A forever-wild jewel on the U.S.-Canada border
The town of Jay, Vermont enjoys a privileged perch in the state’s conservation landscape. Jay State Forest, home to the renowned Jay Peak, sits partially within the town’s limits, and when intrepid hikers start or finish their adventure on the 273-mile Long Trail, they do so in Jay.
The town now has another feather in its conservation cap. Journey’s End Wilderness Preserve, which encompasses more
than 300 acres of forever-wild forests and wetlands about a mile south of the Canadian border, ensures that a crucial piece of a transnational wildlife corridor is permanently protected from extraction and development while further enriching a vibrant tapestry of tens of thousands of acres of conserved lands.
Boosting Landscape Connectivity for Roving Wildlife
Journey’s End Wilderness Preserve’s name evokes the conclusion of a long, eventful odyssey—appropriate for its proximity to the Long Trail, the oldest long-distance hiking trail in the United States—but the property’s protection also symbolizes progress towards a hopeful conservation future. The parcel abuts other conserved lands totaling more than 30,000 acres and is fewer than 5 miles from Northeast Wilderness Trust’s 2,716-acre Bear’s Nest Wilderness Preserve. It falls within the Staying Connected Initiative’s Northern Greens to Canada wildlife corridor, and Wildlands Network maps Journey’s End as within a core natural area of the Eastern Wildway, a proposed mega-linkage stretching from the Gulf of Mexico to the Canadian Maritimes.
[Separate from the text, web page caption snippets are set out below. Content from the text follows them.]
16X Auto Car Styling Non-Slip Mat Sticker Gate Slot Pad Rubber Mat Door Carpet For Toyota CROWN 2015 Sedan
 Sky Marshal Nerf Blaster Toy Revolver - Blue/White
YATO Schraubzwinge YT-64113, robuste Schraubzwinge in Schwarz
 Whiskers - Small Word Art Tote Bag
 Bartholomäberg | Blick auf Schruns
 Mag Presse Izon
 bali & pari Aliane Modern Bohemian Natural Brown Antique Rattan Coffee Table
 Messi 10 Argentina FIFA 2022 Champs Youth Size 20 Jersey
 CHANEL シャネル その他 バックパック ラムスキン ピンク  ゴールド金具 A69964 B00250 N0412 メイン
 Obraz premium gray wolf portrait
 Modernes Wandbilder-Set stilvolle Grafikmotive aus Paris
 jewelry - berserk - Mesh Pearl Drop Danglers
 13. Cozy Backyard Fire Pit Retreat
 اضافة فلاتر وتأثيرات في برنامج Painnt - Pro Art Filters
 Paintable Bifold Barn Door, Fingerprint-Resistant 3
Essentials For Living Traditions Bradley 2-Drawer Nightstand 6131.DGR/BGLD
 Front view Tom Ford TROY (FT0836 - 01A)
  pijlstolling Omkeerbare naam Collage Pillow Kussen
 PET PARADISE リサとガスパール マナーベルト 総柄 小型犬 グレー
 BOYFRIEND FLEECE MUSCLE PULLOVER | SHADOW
That Journey’s End bolsters these landscape-level conservation ambitions motivated the land’s former owners to protect it permanently. Ted Vogt and Susan Shea “share a commitment to land conservation in Vermont (and elsewhere),” said Vogt. They recognized early on that their property was located in the Northern Greens to Canada corridor, and that its ecological features, including a headwater stream and ample beech stands, sustain their local wildlife, like black bear. These contextual and ecological considerations led the couple to seek a forever-wild future for the parcel to support the species—and the planet—they revere.